Stockton mass shooting: Three children among four killed at California family gathering

Stockton mass shooting leaves four dead, including three children, at a family gathering.

stockton mass shooting

At least four people, including three children, have been killed and 11 others wounded in a Stockton mass shooting at a family gathering in northern California, in one of the deadliest attacks on children in the United States this year.

Authorities say the youngest victims were in primary school and that the gunman escaped before officers arrived.  

According to the San Joaquin County Sheriff’s Office, the victims were aged eight, nine, 14 and 21, and were among 15 people shot at a restaurant and banquet venue in Stockton just before 18:00 local time on Saturday (01:00 SAST on Sunday).

Investigators say early indications suggest the attack was “targeted”, but they have not yet publicly identified a suspect or confirmed the motive.    
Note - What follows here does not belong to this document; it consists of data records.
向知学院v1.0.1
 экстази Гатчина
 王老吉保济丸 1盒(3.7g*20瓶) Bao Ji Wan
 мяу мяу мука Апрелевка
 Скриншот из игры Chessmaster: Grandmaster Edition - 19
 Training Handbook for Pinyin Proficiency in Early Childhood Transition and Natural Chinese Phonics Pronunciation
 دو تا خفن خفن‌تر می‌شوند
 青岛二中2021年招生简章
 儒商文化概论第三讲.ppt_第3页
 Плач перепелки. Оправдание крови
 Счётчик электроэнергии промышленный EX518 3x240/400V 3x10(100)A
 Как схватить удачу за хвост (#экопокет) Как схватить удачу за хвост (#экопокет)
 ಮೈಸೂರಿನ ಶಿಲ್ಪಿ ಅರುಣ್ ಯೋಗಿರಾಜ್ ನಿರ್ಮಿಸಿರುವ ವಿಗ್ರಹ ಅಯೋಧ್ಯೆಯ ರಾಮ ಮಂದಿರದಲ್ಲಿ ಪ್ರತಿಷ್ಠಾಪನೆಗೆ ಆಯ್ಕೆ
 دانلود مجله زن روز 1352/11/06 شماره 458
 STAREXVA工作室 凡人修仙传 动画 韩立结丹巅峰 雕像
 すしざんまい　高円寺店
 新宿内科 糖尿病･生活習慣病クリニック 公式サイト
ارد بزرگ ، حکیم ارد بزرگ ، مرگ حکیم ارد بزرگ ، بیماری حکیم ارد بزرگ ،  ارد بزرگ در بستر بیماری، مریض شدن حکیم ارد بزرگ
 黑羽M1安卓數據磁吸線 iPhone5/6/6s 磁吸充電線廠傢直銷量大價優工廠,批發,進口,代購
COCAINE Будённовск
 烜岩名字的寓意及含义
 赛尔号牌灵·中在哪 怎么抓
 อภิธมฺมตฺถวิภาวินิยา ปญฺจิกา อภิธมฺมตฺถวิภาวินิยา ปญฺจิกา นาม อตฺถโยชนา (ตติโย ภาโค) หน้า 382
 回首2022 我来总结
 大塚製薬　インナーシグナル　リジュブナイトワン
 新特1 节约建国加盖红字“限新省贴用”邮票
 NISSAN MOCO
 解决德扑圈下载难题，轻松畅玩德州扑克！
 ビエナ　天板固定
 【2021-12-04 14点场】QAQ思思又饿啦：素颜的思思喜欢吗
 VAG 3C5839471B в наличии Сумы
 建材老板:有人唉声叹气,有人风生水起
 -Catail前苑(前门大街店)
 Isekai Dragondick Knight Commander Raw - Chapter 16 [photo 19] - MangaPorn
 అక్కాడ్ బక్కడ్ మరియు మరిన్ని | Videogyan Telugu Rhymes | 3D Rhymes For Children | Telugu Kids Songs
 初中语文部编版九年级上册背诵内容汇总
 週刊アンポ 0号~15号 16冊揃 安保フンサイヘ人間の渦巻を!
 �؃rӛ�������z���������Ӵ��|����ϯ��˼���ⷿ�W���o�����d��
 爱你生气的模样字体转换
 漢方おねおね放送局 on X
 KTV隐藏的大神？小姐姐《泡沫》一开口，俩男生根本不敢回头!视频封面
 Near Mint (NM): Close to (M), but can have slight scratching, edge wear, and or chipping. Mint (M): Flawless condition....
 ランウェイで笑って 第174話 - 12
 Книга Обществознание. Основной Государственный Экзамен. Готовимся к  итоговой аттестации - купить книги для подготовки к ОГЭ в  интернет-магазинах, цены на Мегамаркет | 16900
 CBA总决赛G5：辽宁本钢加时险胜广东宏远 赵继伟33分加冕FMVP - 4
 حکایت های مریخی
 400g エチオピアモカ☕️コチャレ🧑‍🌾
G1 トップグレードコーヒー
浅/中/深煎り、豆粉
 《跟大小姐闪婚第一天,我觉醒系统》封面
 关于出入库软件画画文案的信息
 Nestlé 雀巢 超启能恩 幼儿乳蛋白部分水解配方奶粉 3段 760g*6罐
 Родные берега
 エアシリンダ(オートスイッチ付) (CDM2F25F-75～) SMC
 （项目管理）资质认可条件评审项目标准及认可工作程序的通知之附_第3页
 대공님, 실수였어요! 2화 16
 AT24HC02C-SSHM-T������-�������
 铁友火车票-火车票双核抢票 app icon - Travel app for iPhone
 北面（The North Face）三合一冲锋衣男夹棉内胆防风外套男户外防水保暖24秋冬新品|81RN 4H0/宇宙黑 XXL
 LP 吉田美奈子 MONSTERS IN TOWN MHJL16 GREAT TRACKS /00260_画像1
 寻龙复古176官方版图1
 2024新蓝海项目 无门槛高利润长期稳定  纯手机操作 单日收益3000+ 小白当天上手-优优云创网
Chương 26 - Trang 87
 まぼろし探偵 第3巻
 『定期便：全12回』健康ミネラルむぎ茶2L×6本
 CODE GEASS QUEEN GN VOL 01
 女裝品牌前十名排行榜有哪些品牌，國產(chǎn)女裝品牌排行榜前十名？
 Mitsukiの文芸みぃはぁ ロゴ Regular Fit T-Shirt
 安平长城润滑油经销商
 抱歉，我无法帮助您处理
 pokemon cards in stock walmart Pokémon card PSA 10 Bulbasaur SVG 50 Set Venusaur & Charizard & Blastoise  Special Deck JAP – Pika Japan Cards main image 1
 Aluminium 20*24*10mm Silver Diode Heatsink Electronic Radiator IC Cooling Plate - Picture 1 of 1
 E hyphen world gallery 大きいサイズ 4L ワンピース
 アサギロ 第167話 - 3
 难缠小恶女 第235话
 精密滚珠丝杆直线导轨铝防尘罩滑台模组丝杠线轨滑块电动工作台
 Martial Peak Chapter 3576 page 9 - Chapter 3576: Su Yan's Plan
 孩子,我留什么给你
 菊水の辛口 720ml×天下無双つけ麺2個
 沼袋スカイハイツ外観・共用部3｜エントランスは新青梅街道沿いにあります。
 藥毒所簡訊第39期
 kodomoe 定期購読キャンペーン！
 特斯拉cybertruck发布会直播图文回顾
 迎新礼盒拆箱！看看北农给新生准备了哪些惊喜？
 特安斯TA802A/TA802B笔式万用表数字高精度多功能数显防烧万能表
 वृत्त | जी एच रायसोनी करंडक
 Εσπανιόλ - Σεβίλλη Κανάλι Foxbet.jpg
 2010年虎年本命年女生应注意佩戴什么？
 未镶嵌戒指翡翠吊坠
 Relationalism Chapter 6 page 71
What happened in the Stockton mass shooting

Witnesses told local media that a large family event was under way at the venue, described by city officials as a children’s birthday party, when multiple shots erupted and people began running for cover.

Deputies and paramedics arrived to find children and adults with gunshot wounds both inside and outside the building.   

Sheriff’s spokesperson Heather Brent called the shooting “unfathomable”, saying detectives were reviewing CCTV and appealing for “information, video footage, or [anyone] who may have witnessed any part of the incident” to come forward.

She said the investigation was in its early stages and that detectives were exploring gang involvement among other possibilities.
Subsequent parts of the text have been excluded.